• _Short descriptive text snippets_:
- - - -
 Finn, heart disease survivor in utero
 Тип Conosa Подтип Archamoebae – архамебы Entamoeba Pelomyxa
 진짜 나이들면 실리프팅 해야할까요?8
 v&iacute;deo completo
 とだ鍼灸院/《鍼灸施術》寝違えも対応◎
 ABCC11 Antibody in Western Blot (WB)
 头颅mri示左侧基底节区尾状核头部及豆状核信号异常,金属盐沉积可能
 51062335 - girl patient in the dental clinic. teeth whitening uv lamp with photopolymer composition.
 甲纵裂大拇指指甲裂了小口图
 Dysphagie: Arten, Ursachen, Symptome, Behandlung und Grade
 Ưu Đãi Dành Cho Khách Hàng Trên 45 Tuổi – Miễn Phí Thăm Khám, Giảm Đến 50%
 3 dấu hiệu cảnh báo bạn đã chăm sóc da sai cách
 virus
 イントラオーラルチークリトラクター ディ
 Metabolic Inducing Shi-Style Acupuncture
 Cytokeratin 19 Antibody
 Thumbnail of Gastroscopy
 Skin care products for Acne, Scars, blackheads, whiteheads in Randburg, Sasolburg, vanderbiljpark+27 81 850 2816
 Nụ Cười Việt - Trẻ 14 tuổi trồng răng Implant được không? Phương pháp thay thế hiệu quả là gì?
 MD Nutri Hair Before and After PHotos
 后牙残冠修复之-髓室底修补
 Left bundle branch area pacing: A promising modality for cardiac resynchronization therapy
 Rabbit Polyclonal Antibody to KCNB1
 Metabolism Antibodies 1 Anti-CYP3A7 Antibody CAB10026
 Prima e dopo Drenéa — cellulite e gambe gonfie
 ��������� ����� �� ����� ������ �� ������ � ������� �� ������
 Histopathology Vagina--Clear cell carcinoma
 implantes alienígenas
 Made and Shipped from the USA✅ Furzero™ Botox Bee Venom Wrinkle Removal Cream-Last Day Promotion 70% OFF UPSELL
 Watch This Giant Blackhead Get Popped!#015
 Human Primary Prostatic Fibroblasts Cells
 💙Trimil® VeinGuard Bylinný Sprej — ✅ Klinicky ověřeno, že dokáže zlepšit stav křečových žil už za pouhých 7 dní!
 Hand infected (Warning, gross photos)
- - - -
• _Task instructions_: Only lines that hold the string "Antibody" belong in the answer, so copy every one of them from the records.

• _Exercise output_:
 ABCC11 Antibody in Western Blot (WB)
 Cytokeratin 19 Antibody
 Rabbit Polyclonal Antibody to KCNB1
 Metabolism Antibodies 1 Anti-CYP3A7 Antibody CAB10026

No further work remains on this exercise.